Leaving out the images, repeat all the lines below exactly.

INFORMATION SHOWN
>>>

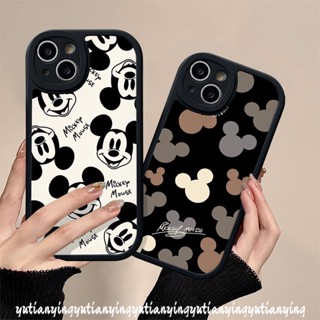 เคสโทรศัพท์มือถือ Tpu แบบนิ่ม ลายการ์ตูนดิสนีย์ มิกกี้ เมาส์ กันกระแทก สําหรับ iPhone 11 12 13 14 Pro Max 6s 8 7 6 Plus X XR XS Max SE 2020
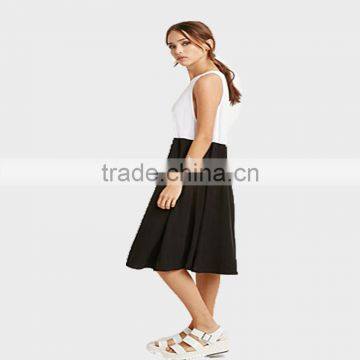 Ladies Dresses Sleeveless 100%cotton Dresses photo-2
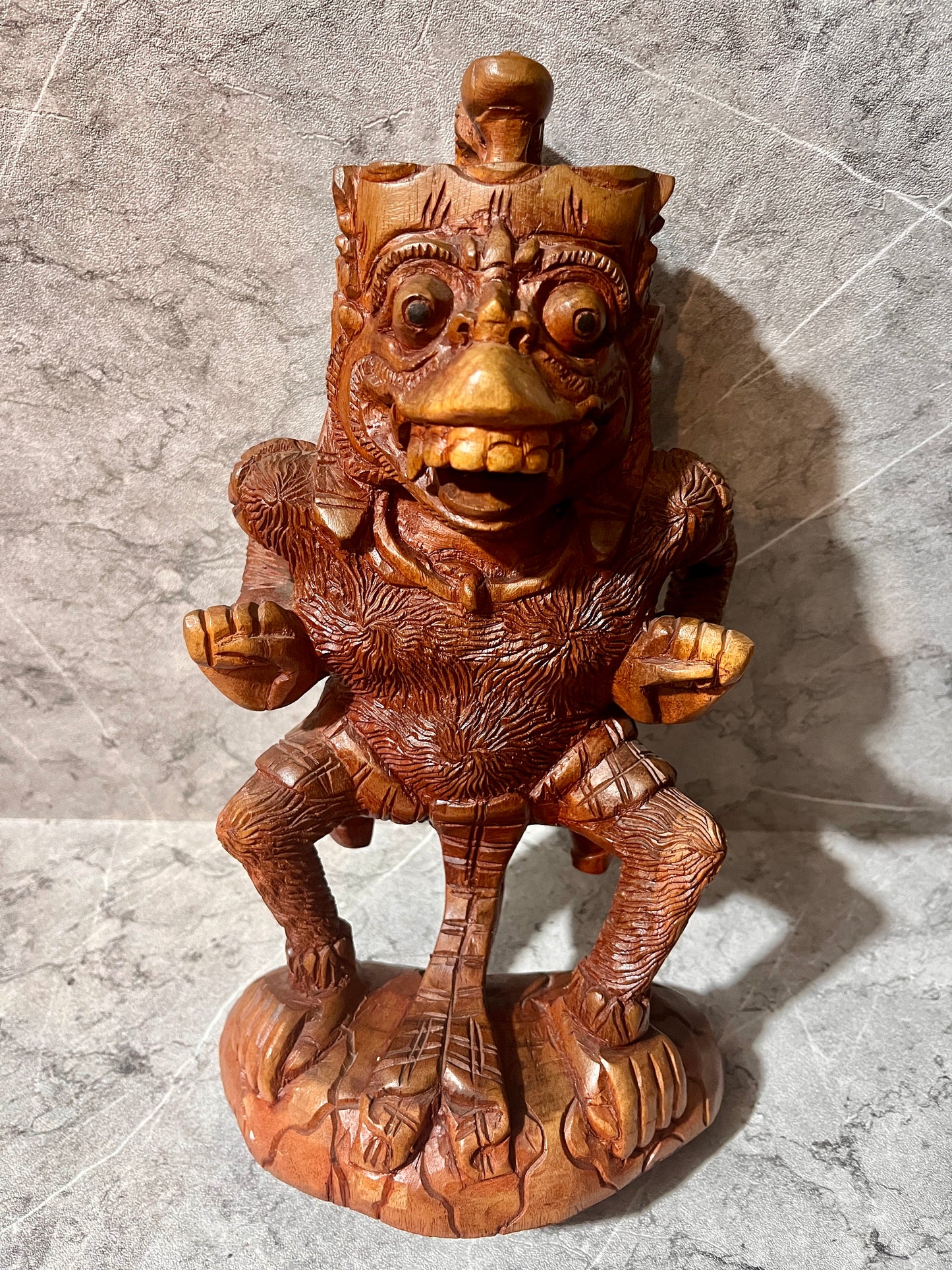Wooden Hanuman Sculpture – Hand-Carved Balinese Hindu God Figure Decoration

<<<

SOLUTION BELOW
 เคสโทรศัพท์มือถือ Tpu แบบนิ่ม ลายการ์ตูนดิสนีย์ มิกกี้ เมาส์ กันกระแทก สําหรับ iPhone 11 12 13 14 Pro Max 6s 8 7 6 Plus X XR XS Max SE 2020
 Ladies Dresses Sleeveless 100%cotton Dresses photo-2
Wooden Hanuman Sculpture – Hand-Carved Balinese Hindu God Figure Decoration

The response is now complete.